The World Health Organisation (WHO) is currently holding its annual anti-tobacco jamboree in Delhi, where thousands of anti-smoking health officials, wonks and activists get together to think up new ways of stopping us from enjoying a cigarette. But in the abbreviation-heavy world of UN events, the seventh session of the Conference of the Parties (COP7) to the Framework Convention on Tobacco Control (FCTC) seems to be FUBAR (ask someone who’s seen Saving Private Ryan).

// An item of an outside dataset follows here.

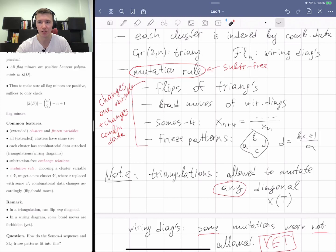Next time in the live lecture I'll introduce cluster algebras and explain how each of these examples is just a special case. Let me know if this lecture was okay, if I should go faster or slower, or change my camera angle. See you all on Wednesday.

A report on electronic nicotine delivery systems (ENDS, or e-cigs to normal people), prepared earlier this year for the Delhi event, has caused consternation among anti-tobacco types who believe in ‘harm reduction’. The WHO report claims that e-cigs contain numerous toxicants, sometimes in higher levels than cigarettes; that ‘the absolute impact from passive exposure to electronic-cigarette vapour has the potential to lead to adverse health effects’; and that ‘given the scarcity and low quality of scientific evidence, it cannot be determined whether ENDS may help most smokers to quit or prevent them from doing so’. It also suggests that non-smokers are taking up e-cigs in significant numbers, raising the possibility of ‘gateway’ effects – that is, that vaping may lead to smoking.
All of this flies in the face of both research and anecdotal evidence. A quick search of Twitter for hashtags like #ecigs and #vaping will soon reveal a positively evangelical enthusiasm for e-cigs among long-standing smokers who have found vaping to be a perfectly adequate and complete substitute for smoking cigarettes. Indeed, for the truly committed, the range of options in terms of kit and flavours of liquids has provided an opportunity to become a complete vaping anorak. These are the people for whom a 100-watt sub-ohm tank rocking a 0.2 ohm BTDC coil is likely to inspire excitement rather than bewilderment.

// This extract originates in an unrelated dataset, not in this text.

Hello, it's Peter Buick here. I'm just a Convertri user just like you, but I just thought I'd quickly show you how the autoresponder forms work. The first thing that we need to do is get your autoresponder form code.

The claims the report makes about exposure to second-hand e-cig vapour are just ludicrous. Claims about the harm caused by ‘second-hand smoke’ have been routinely overblown by tobacco prohibitionists. But a vague mist, mostly containing the same stuff they use in smoke machines in theatres and pop concerts, really is no threat to anyone. When the WHO report talks about ‘toxicants’, it invariably leaves out the most important factor: the dose. Yes, e-cigs can produce substances that can be poisonous, but they do so in tiny quantities that are irrelevant to human health and only have some effect when tested in unrealistic scenarios.

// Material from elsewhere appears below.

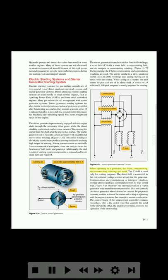When operating as a generator, the shunt, compensating, and commutating windings are used. The C field is used only for starting purposes. The shunt field is connected in the conventional voltage control circuit for the generator. Compensating and commutating (or interpole) windings provide almost sparkless commutation from no load to full load.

As for ‘gateway effects’, all the evidence points in the opposite direction to that implied by the WHO report. Many smokers are quitting and cutting down on tobacco cigarettes thanks to e-cigs. Meanwhile, young people who would otherwise be inclined towards smoking are now often trying vaping, too. Many don’t bother with tobacco at all, or quickly realise that e-cigs are just much more convenient to use than cigarettes. There is vanishingly little evidence of e-cigs getting youngsters ‘hooked’ on nicotine and leading them to take up smoking where they wouldn’t have done so otherwise.